What problem with MariaDB did you see? The first issue we saw with MariaDB is that queries suddenly started never returning, when that was in a cluster the entire cluster then would not return queries because I presume it was waiting forever for a node to commit. My memory is sketchy on this but a restart of mariadb service fixed resulted in them working ok. So at that point, that was not a broken FS, and MariaDB could have been more helpful as to why queries were never returning but nothing in the logs at all. This would start after a snapshot had concluded and it wasn't random it was every single time without fail. This was Ubuntu 22.04 container with MariaDB 10.6.7 we upgraded to 10.8 where that problem stopped. Seemed others had the same problem, so not just us.

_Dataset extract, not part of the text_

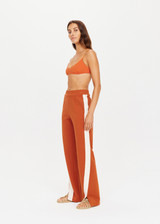 THE UPSIDE x THE BANYA orange rust Petra Flare is made from lenzing viscose fabrication and features splits at the front, contrast natural tape at side seams, elasticated waist and side seam pockets.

But then we encountered the next problem - which was intermittent. That is that when you do a snapshot, on completion the entire filesystem disappears - you can log in to a VM or container but you can't call any binaries or list any directories, it just freezes. The only way you know what is going on is if you have a process inside that reports the problem or your syslog goes to an external syslog. This is why I think that people have concentrated on qm-agent because it notices that it can't access the file system and then tells the outside that the fs-thaw has timedout, but we know better. Same issue occurs on a VM not running guest agent, which means its nothing to do with fs-freeze/thaw IMO.
Dig a bit deeper and you find that it seems to be an issue with qemu since a kernel change over 12 months ago.
This puzzles me as to why when fundamentally it doesn't work why isn't there more noise in the groups? So maybe its a specific combination of our hardware? Just in case, here it is:
Code:
DELL poweredge r450, Intel(R) Xeon(R) Silver 4310 CPU, 32Gb of HMA82GR7DJR8N-XN, MegaRAID Tri-Mode SAS3516 , 4x MTFDDAK480TDT, ZFS
Kernel : Linux 5.15.53-1-pve #1 SMP PVE 5.15.53-1